Après Donald Trump, le déluge
Editorial. L’attitude de l’actuel président des Etats-Unis vise moins à polir son legs politique qu’à saper l’autorité du futur président élu, le démocrate Joe Biden.
Depuis l’élection présidentielle du 3 novembre, Donald Trump s’attache avec constance à s’élever à la hauteur de sa caricature. Celle d’un homme dévoré par son ego, incapable de reconnaître une défaite indiscutable, prêt à fragiliser les institutions qu’il avait juré de protéger en prenant ses fonctions dans le seul but d’apaiser sa rancœur. Une experte, Michelle Obama, estime que la présidence de la première puissance mondiale ne change pas un homme mais révèle ce qu’il est. Dans le cas de Donald Trump, l’image montrée par ce miroir est dévastatrice.

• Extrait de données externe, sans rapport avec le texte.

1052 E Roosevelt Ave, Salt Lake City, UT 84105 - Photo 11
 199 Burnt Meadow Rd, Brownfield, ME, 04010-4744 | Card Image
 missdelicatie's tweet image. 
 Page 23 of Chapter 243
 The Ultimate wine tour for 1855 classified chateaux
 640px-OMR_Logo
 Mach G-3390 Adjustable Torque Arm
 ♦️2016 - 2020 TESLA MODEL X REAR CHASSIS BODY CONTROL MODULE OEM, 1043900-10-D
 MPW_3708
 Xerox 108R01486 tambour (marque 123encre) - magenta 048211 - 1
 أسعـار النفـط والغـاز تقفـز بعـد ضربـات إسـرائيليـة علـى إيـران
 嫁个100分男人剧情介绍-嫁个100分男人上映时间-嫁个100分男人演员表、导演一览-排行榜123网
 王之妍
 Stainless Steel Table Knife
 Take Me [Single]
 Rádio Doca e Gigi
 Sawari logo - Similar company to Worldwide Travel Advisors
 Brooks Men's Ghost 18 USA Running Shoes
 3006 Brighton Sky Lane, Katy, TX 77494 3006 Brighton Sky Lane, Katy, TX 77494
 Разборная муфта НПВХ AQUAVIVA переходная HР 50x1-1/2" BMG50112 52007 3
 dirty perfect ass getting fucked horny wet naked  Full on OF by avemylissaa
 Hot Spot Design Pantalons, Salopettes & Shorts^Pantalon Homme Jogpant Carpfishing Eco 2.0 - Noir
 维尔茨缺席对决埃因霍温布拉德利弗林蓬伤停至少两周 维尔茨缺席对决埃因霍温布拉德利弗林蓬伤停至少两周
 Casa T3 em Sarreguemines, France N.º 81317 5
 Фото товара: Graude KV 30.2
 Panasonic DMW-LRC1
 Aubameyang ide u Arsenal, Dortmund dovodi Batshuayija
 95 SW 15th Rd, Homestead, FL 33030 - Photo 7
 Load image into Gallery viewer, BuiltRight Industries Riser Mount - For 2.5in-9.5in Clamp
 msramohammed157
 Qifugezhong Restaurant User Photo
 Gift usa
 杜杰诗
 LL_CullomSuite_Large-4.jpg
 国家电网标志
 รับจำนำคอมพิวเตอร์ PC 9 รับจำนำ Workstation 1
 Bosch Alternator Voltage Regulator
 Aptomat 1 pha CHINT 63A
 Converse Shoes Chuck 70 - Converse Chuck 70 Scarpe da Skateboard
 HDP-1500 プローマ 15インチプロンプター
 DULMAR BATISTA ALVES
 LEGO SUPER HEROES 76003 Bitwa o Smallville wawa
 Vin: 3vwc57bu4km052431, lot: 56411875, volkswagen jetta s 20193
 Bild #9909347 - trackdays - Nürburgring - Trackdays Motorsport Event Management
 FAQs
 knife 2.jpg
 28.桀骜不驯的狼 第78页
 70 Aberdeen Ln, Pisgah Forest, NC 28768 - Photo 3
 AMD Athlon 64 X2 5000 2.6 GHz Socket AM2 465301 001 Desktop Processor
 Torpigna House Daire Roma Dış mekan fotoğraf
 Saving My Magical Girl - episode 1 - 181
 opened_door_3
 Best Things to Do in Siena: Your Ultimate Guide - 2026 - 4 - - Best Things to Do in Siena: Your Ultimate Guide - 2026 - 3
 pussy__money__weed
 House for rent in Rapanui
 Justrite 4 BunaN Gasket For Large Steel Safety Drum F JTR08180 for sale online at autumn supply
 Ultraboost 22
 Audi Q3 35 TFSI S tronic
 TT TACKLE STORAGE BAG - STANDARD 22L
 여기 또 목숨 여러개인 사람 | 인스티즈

Les normes auxquelles il s’est attaqué sont celles qui faisaient jusqu’ici la fierté des Etats-Unis : l’acceptation de la victoire de l’adversaire et le transfert pacifique du pouvoir d’un parti à un autre. Le discours de concession du perdant comme la lettre laissée sur le Resolute Desk du bureau Ovale par le président sortant à son successeur sont considérés depuis longtemps comme les preuves de la maturité et de la solidité d’une démocratie dans laquelle l’ambition personnelle s’efface le moment venu devant l’impératif du bien commun.
Un président sur le départ peut bien sûr adopter des mesures symboliques destinées à consolider son héritage. Mais l’attitude de Donald Trump vise moins à polir son legs politique qu’à saper l’autorité du futur président des Etats-Unis, le démocrate Joe Biden.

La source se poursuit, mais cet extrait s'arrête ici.